Segundo muitos escritores e até a própria critica haitiana diante o documentário “O Dia que o Brasil esteve aqui”, a diferença da missão está no jeito de ser do brasileiro e do chamado Soft Power. Um potencial em levar os outros a fazerem geralmente o que não querem através da persuasão e não da imposição. Podendo influenciar decisivamente a tomada de decisão destes por meio de uma estratégia velada, descrita no capítulo VI da Carta da ONU.

4.3    BRASIL E SEU HISTÓRICO COM AS NAÇÕES UNIDAS E OPERAÇÕES DE PAZ

Como citado anteriormente a ONU utiliza-se de Operações de Paz, estruturadas por forças militares multinacionais aprovadas pelo Conselho de Segurança a fim de levar a “paz” e estabilidade a Estados que a necessitarem.

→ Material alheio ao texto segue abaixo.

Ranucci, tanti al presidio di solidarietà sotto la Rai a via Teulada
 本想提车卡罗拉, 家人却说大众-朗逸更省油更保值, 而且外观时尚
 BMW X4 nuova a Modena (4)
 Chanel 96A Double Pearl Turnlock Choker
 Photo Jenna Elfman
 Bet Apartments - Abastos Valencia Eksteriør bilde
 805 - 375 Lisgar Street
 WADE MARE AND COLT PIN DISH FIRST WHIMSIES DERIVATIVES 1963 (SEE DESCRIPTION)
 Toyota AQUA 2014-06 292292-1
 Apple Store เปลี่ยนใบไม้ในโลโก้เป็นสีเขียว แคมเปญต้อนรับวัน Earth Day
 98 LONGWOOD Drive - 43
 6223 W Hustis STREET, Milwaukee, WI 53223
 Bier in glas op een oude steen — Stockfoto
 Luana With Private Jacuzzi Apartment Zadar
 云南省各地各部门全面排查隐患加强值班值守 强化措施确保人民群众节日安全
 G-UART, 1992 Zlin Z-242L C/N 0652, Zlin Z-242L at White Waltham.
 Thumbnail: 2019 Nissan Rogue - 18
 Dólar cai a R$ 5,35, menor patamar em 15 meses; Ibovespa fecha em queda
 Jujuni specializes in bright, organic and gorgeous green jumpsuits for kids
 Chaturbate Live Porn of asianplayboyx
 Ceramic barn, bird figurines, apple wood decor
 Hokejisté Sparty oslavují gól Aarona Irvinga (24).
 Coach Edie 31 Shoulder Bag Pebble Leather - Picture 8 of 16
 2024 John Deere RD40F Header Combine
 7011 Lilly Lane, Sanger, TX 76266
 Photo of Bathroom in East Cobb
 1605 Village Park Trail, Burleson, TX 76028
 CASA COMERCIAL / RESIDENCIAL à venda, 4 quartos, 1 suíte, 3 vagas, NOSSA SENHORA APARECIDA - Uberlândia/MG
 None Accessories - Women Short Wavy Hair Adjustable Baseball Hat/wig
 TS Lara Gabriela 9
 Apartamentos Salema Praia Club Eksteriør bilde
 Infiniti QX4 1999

Neste contexto nós brasileiros temos características únicas e especiais para o uso da força militar com a finalidade de coerção ou ainda por meio de sedução e persuasão.

A participação de nações como a nossa em Missões de paz fornecem uma possibilidade de projeção internacional ou regional e de respeito internações. Sem dizer na possibilidade de conseguir vaga em um possível assento permanente no Conselho de Segurança da ONU frente sua reestruturação. Seriamos, através destas participações, acentuando-se com a Missão das Nações Unidas para Estabilização do Haiti, exportadores e importadores de conhecimento servindo de exemplo para outros estados e para operações internas.

Caracteres importantes fazem com que o Brasil se destaque em operações deste gênero: a primeira é o seu exímio papel como mediador na resolução pacifica de conflitos, difícil apontar algum Estado que não aceite nosso país como intermediador ou integrante de missão e o segundo aspecto poderia chegar a ser chamado de mais importante neste contexto “o caráter humano que os militares brasileiros apresentam durante as missões”[25], os dois pontos ressaltados se somam formando um forte alicerce para que nossa bandeira tremule em céus estrangeiros.

Nossos soldados entendem que se deve ganhar a confiança da comunidade para cumprir “bem” a missão, percebe-se que quanto maior a coerção menor a efetividade e em longo prazo os laços se rompem com facilidade. Nas palavras de Patrice Dumont no documentário “O dia em que o Brasil esteve aqui”, (...) O Brasil é a potência mais perigosa do mundo porque ela é capaz de aprisionar um país por meio do carisma[26].

Destacando-se por sua característica diplomática e respeitosa ao direito internacional e solução pacifica de conflitos, constrói com facilidade laços de confiança e amizade.

Ainda na infância da ONU o Brasil participa de uma missão nos Balcãs com militares e diplomatas, na sequência entre 1957 e 1967 envia tropas ao Sinai e Faixa de Gaza o famoso “Batalhão de Suez” com um efetivo superior a 6000 mil homens integrando a UNEF I.

Participou ainda de operações no Congo, Nova Guiné Ocidental, República Dominicana, Índia e Paquistão, Chipre, Angola, América Central, El Salvador, Moçambique, Ruanda, Iugoslávia, Camboja, Libéria, Guatemala, África do Sul, Croácia, Macedônia, Eslovênia, Timor Leste e Haiti[27].  Sendo a de maior proporção e duração a Minustah que perdura até os dias atuais.